The Museum of Modern Art (MoMA) in New York has replaced pieces by Picasso and Matisse with a painting by Zaha Hadid and works by other overseas artists in protest against President Trump’s travel ban
MoMA took down works of art – including those by Picasso, Picabia, Matisse and other Western artists – in favour of works by artists from some of the seven Muslim-majority countries affected by Trump’s executive order.
These included Hadid’s painting for her competition-winnning design for The Peak in Hong Kong, which was never built, as well as works by Sudanese painter Ibrahim el-Salahi, Iranian video artist Tala Madani and six other Iranian artists.
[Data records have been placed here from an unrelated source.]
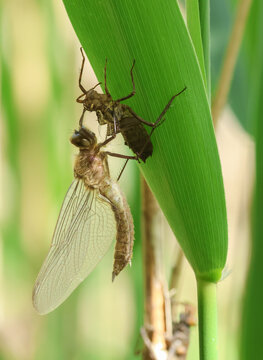 A rare Downy Emerald  Dragonfly (Cordulia aenea) emerging from its exuvium in the reeds at the edge of a pond.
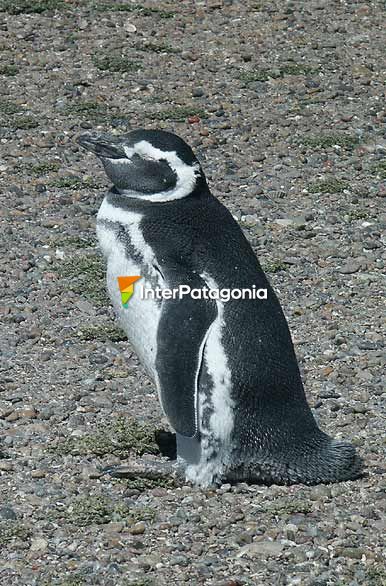 Pingüino Punta Tombo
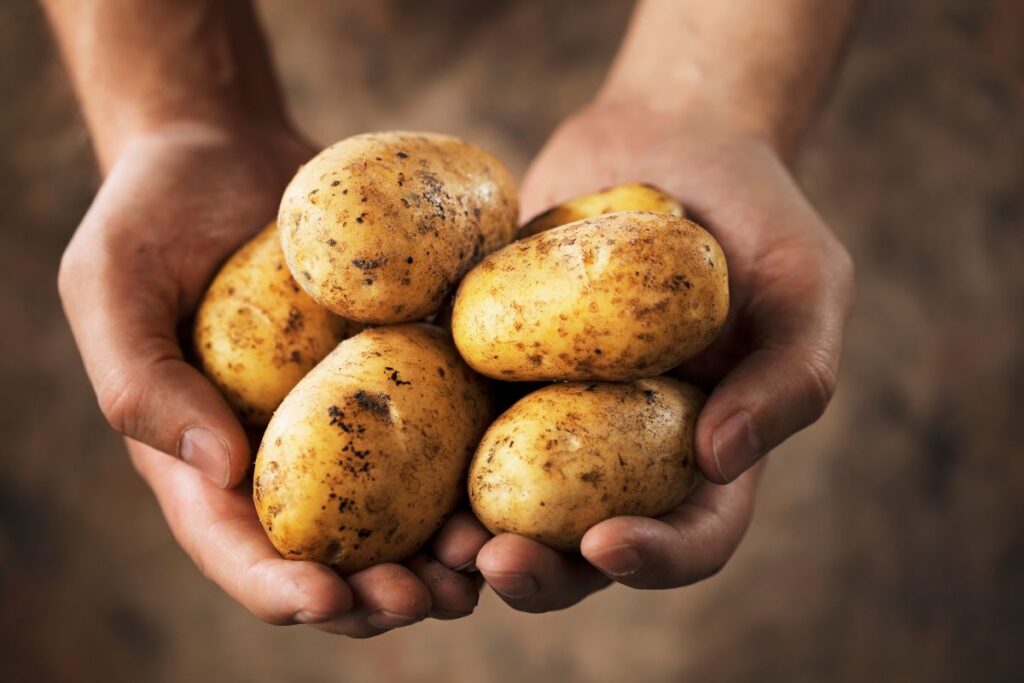 température pour stocker les pommes de terre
The museum placed a caption by each new work stating: ’This work is by an artist from a nation whose citizens are being denied entry into the United States, according to a presidential executive order issued on January 27, 2017. This is one of several such artworks from the museum’s collection installed throughout the fifth-floor galleries to affirm the ideals of welcome and freedom as vital to this museum as they are to the United States.’
A federal judge in Seattle blocked Trump’s executive order on Friday, a ruling the president has since described as ‘ridiculous’.
The New York Times reported that the museum started replacing the works in the gallery on pre-1945 Western Modernism, with those from its permanent collection, the day before the travel ban was blocked.
Hadid’s painting, using synthetic polymer on a paper-mounted canvas, is based on her 1983 proposal for a leisure club called The Peak in Kowloon, Hong Kong. Although it was never built, it was her first major competition win.